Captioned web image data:
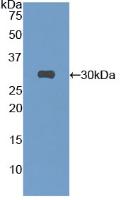 Anti-S15 Oligopeptide (S) Tag Polyclonal Antibody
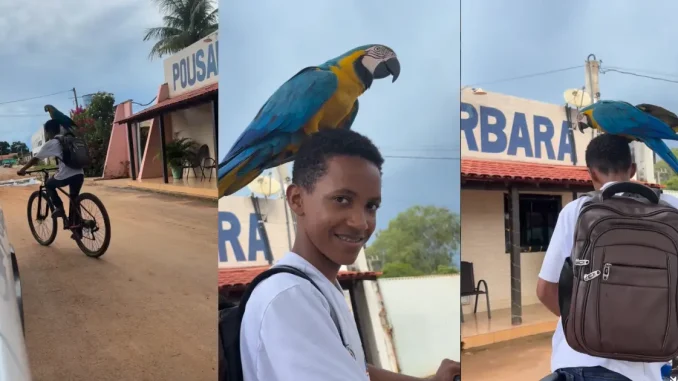 Vídeo em Formosa do Rio Preto com arara pousada na cabeça de jovem viraliza e ganha repercussão nacional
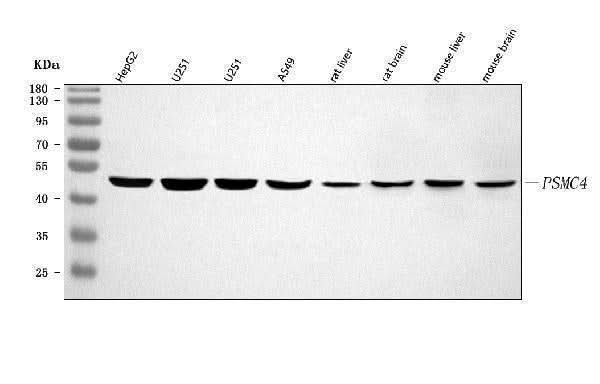 Anti-PSMC4 Antibody Picoband® Boster Bio
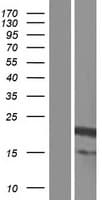 Human ARFRP1 Protein (Over-Expression Lysate Myc-DDK (Flag))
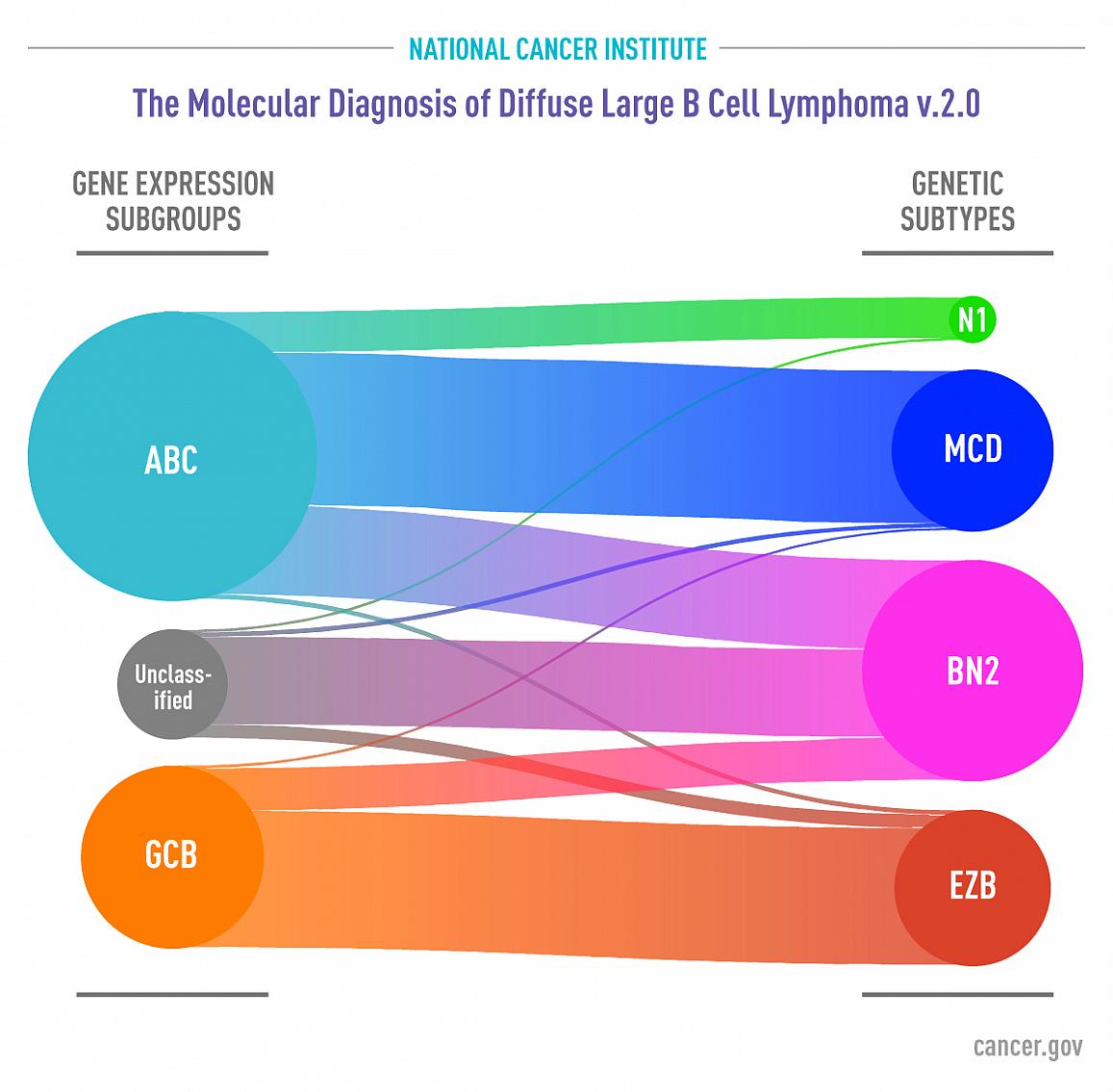 Diagram showing relationships between gene expression subgroups and genetic subtypes of diffuse large B-cell lymphoma (DLBCL)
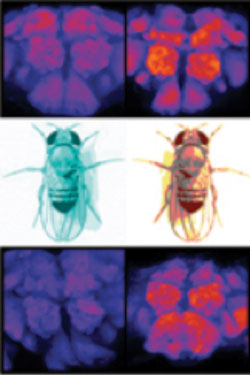 Protein stain of fly brain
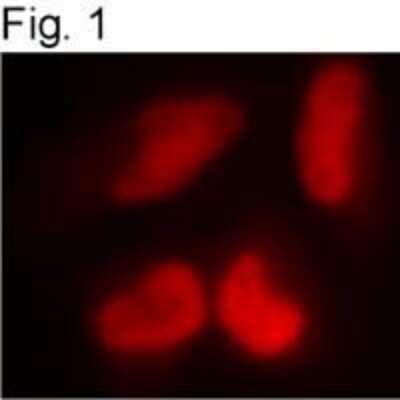 Immunocytochemistry/ Immunofluorescence: RbAp46 Antibody [NB120-3535]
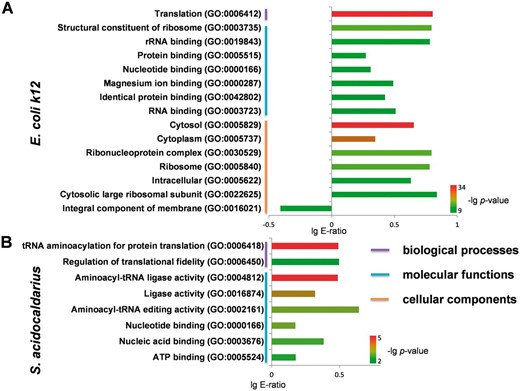  Statistical analyses of GO annotation for phosphoproteins in E. Coli k12 and S. acidocaldarius.  ( A ) The enriched GO terms for phosphoproteins in E. Coli k12 . ( B ) The enriched GO terms for phosphoproteins in S. acidocaldarius . 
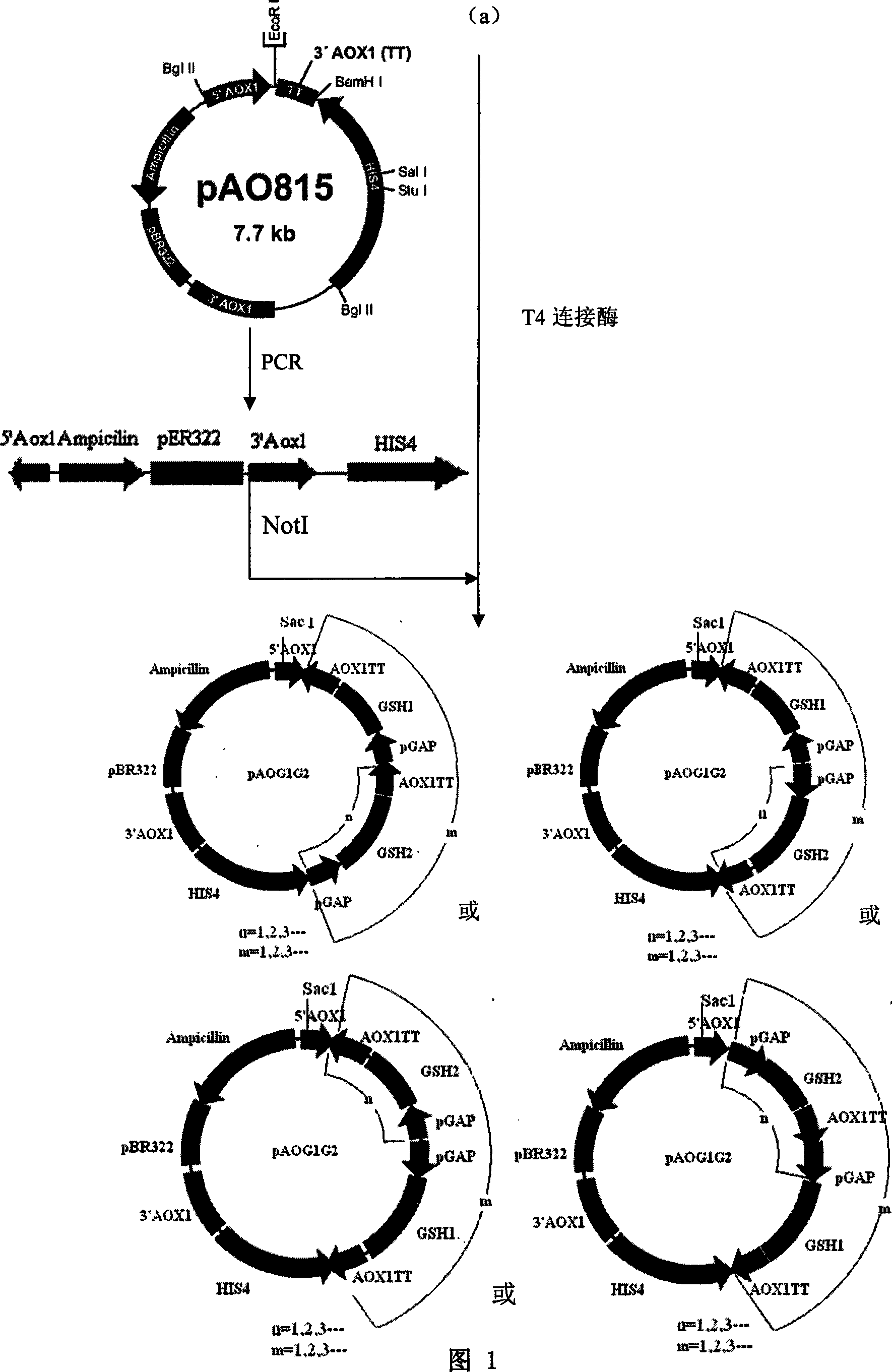 Glutathione produced bacterial strain and construction method thereof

» **Your instructions**
All lines from the one holding "Diagram showing relationships" through the last line of the records need to be copied exactly, both ends included, and the pictures left behind.

» **Result of this exercise**
 Diagram showing relationships between gene expression subgroups and genetic subtypes of diffuse large B-cell lymphoma (DLBCL)
 Protein stain of fly brain
 Immunocytochemistry/ Immunofluorescence: RbAp46 Antibody [NB120-3535]
  Statistical analyses of GO annotation for phosphoproteins in E. Coli k12 and S. acidocaldarius.  ( A ) The enriched GO terms for phosphoproteins in E. Coli k12 . ( B ) The enriched GO terms for phosphoproteins in S. acidocaldarius . 
 Glutathione produced bacterial strain and construction method thereof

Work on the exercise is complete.